Learn why improving your customer experience can lower customer churn rates.
What is customer churn?
Customer churn is a business metric that informs brands of the percentage of customers who have stopped using its product or service. Calculating the churn rate is simple. All you do is take the number of customers lost during that period divided by the number you had initially.
However, the bad news is that calculating the churn rate after customers have already churned is difficult because you have already lost the customer. Instead, some brands use a customer churn prediction tool to understand better when customers are expected to drop off based on historical data pattern mapping. With this data, brands can predict high-risk customers, prevent them from churning, and potentially increase customer loyalty.
Why poor customer experience may lead to customer churn (and why this isn’t good)
Consumers have an ever-increasing number of businesses to choose from for their favorite products, services, and custom projects. And, more and more, consumers are becoming better informed and are taking the time to choose the brands they want to support.
If a customer does not feel that a business is trying to support them in the ways they need it the most, they may decide to go to another brand. If you ignore customer feedback, compromise their privacy, or prioritize company policies over customer needs, customers will
feel disrespected and unheard. Poor customer experience can be harmful to your reputation. When it starts to affect customer churn, it becomes costly. Keeping a customer is far better (and more cost-effective) than acquiring a new customer. Statistics suggest that new customers cost five times more than existing customers. By investing in customer retention and recent sales, a business will likely see a 25 to almost 100 percent increase in profits.
The importance of a good customer experience and what this means
In a post-COVID world, competition in every industry has skyrocketed. This is good for customers because it means they have more options. However, this can be hard on tiny businesses, who cannot afford concerted efforts at customer experience training.

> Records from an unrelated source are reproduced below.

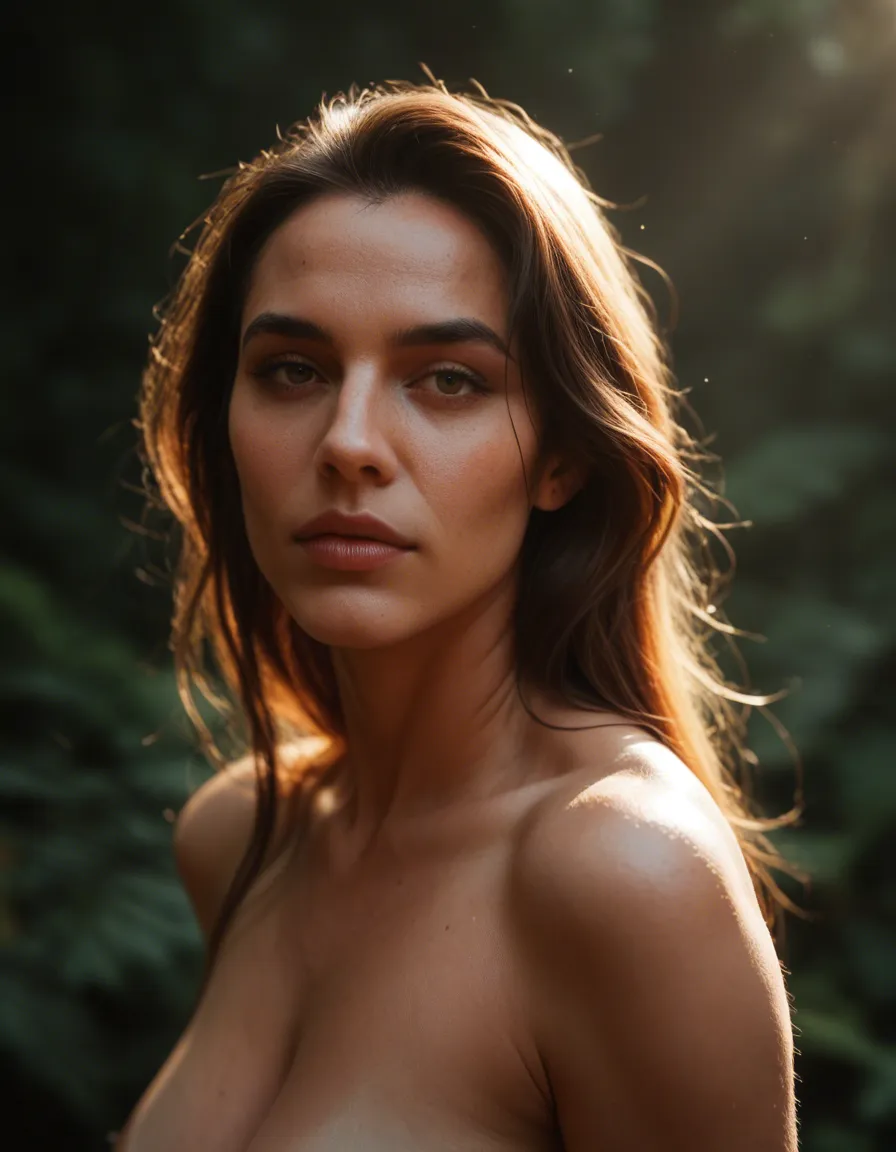 highly detailed, natural lighting, three-quarter view, mature female, fully nude, colored skin, dslr quality, score_9, score_8, candid photo, realistic skin texture, visible skin pores, film grain, depth of field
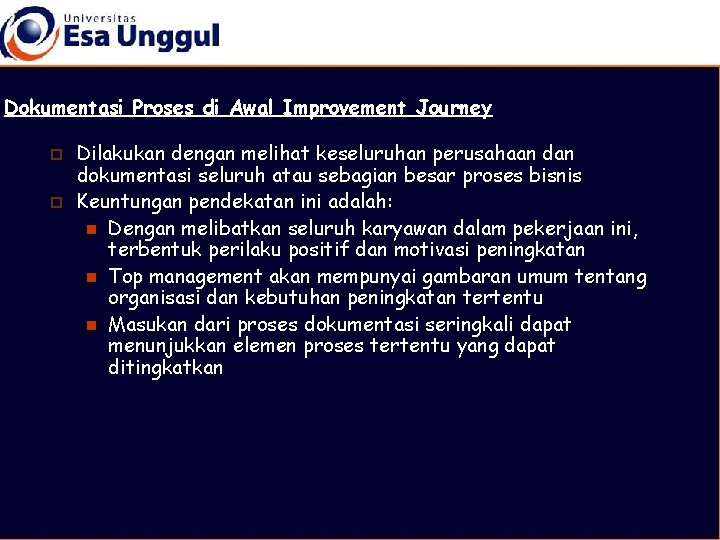 Dokumentasi Proses di Awal Improvement Journey p p Dilakukan dengan melihat keseluruhan perusahaan dokumentasi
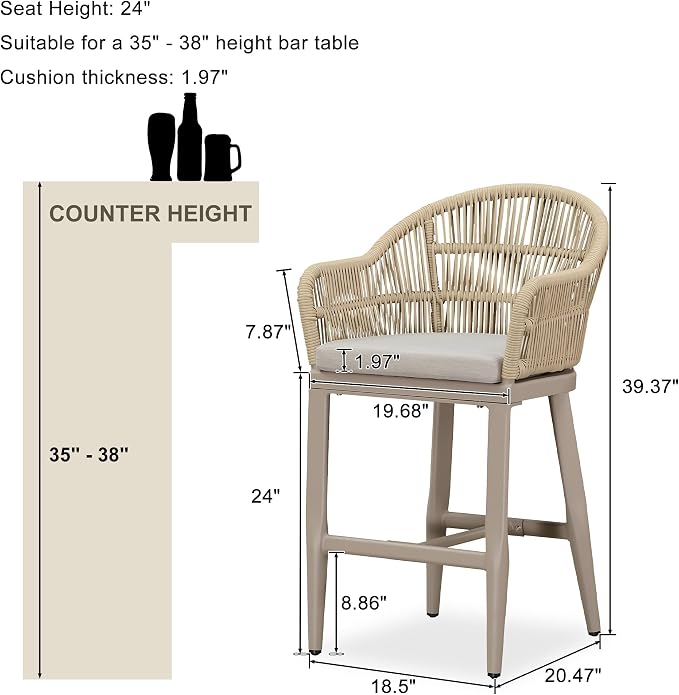 PURPLE LEAF Outdoor Counter Height Bar Stools Set of 2 Patio Metal Modern - Image 2
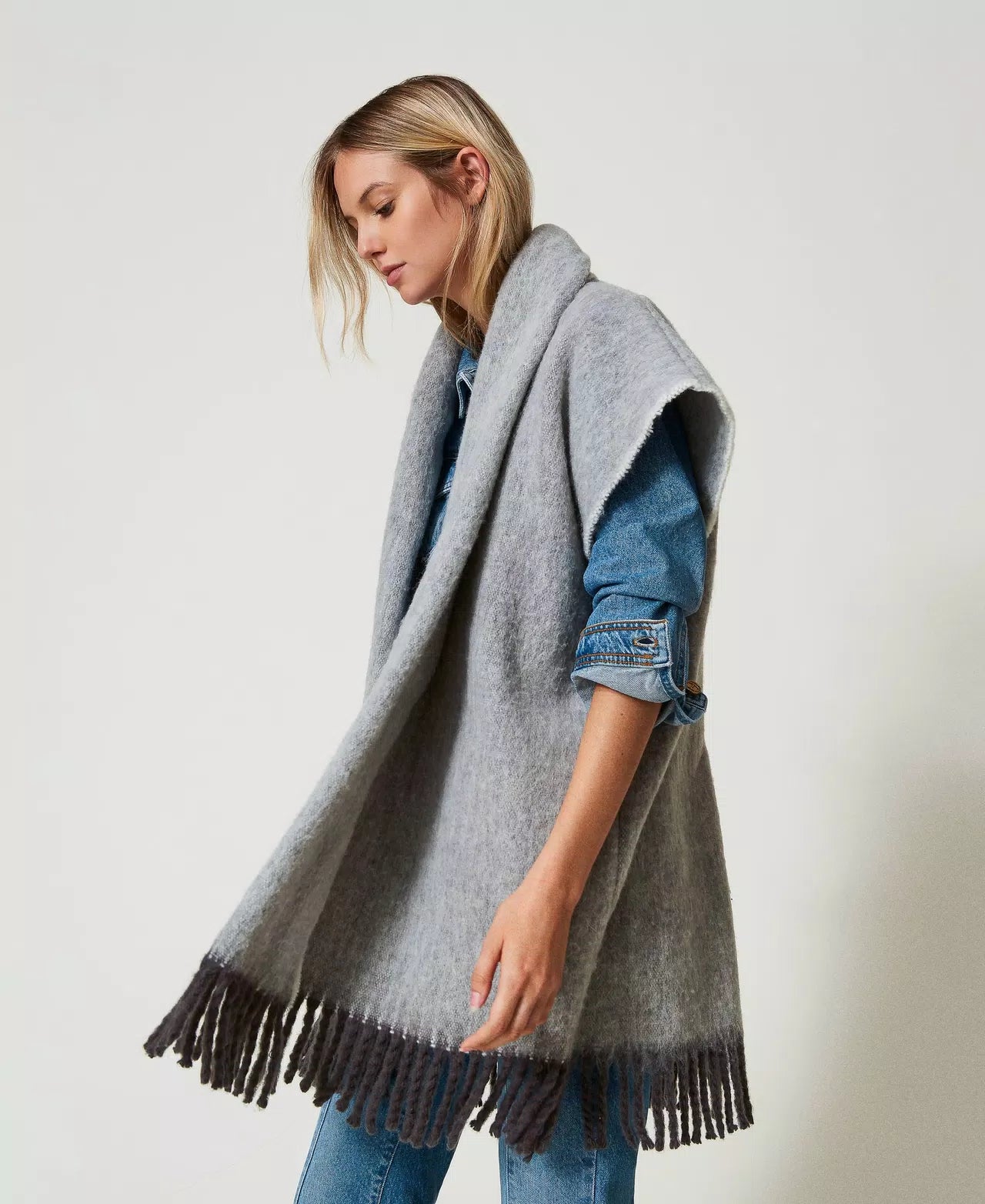 Poncho With Fringes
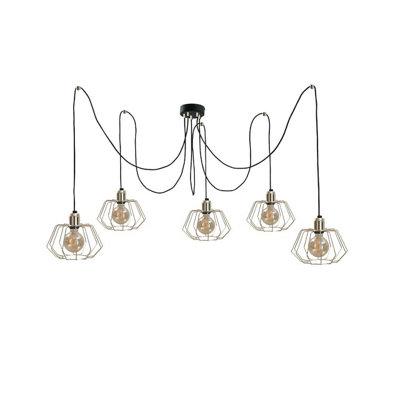 Luminosa Lighting Luminosa Laya Cluster Pendant Ceiling Light Gold5X E27 from B&Q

If you can create extremely positive customer experiences even in turbulent times, this can go a long way with your consumers. This will also build brand loyalty, or the willingness of a customer to remain devoted to a brand and make repeated purchases.
Positive customer experience can also allow a brand to grow a strong customer base, saving the company money from higher customer churn, allowing brands to expand their product lines, increase their sales reach, and take advantage of free referential marketing avenues.
Seven quick ways to improve customer experience
A consumer support strategy can repair bad customer experiences. Here are seven quick ways to do so:
#1. Provide customer support training. Poor customer experience may be coming from within. If your employees aren’t prepared to support customers, they might be off-putting or rude. Empower your employees to provide actionable solutions for customer pains.
#2. Implement live chat. Your human customer support team might be overworked. Consider adding tech tools like live chat (which millennials crave) to resolve issues more effectively and relieve monotonous employee labor.
#3. Get on social media. In addition, to live chat, you want to meet your customers where they are. 22% of all customers feel that social media presence is synonymous with a positive customer experience. Connect with current, past, and potential consumers on all major social media outlets.
#4. Use customer churn prediction to understand your audience. Customer churn prediction tools can provide data, allowing you to create predictive customer behavior models (i.e., the things your customers are likely to do). By analyzing these behaviors, you can better understand why your customers leave and then take steps to prevent them from churning.
#5. Identify weak points in service. Customer service improvements might help you identify at-risk customers, core avenues where churn happens (like resolutions are never reached on phone calls, but they are through emails), and products or services that no longer work for customers (and therefore need to be changed).
#6. Incorporate feedback tools. Customers turn away from your company for one reason or another, and it’s up to you to understand it. Ask your customers directly for feedback. Ask them: “What can we do better?”
#7. Take steps towards change. With the feedback and data you receive, please take steps to implement the changes they seek. Being open and honest about your company’s desire for change might help potentially churning customers stick around and grow into brand-loyal ones.
Positive customer experiences lead to positive sales.
The better a customer experience is, the more likely they will refer their friends to your brand, remain faithful to your product or service, and contribute positive feedback or constructive criticism about your offerings. Take the time to improve your customer’s experience – you may be able to build brand loyalty, reduce customer churn, and improve revenue.